*** MATERIAL PROVIDED Section Begins ***

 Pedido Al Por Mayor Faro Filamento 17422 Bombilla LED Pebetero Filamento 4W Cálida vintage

*** MATERIAL PROVIDED Section Ends ***
*** MATERIAL PROVIDED Section Begins ***

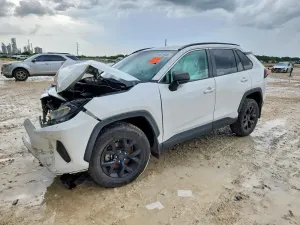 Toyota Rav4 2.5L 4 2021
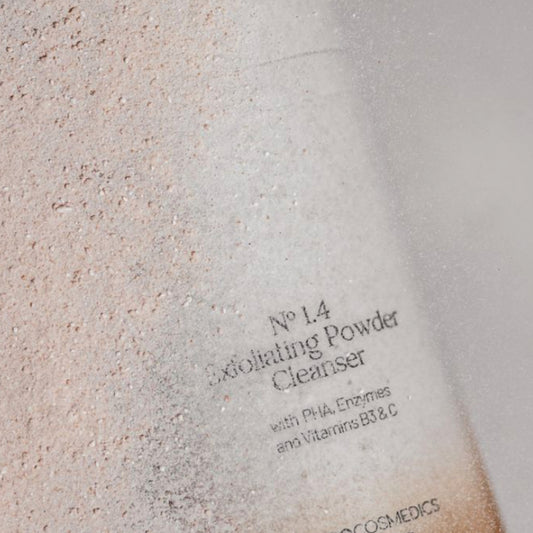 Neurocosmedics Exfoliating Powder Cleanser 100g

*** MATERIAL PROVIDED Section Ends ***

WORK INSTRUCTIONS —
Please set down, exactly and with no pictures, the lines in the entries above starting at the one holding "Toyota Rav4 2.5L 4 2021" and ending at the one holding "Neurocosmedics Exfoliating Powder", ends included.

PROBLEM SOLUTION —
 Toyota Rav4 2.5L 4 2021
 Neurocosmedics Exfoliating Powder Cleanser 100g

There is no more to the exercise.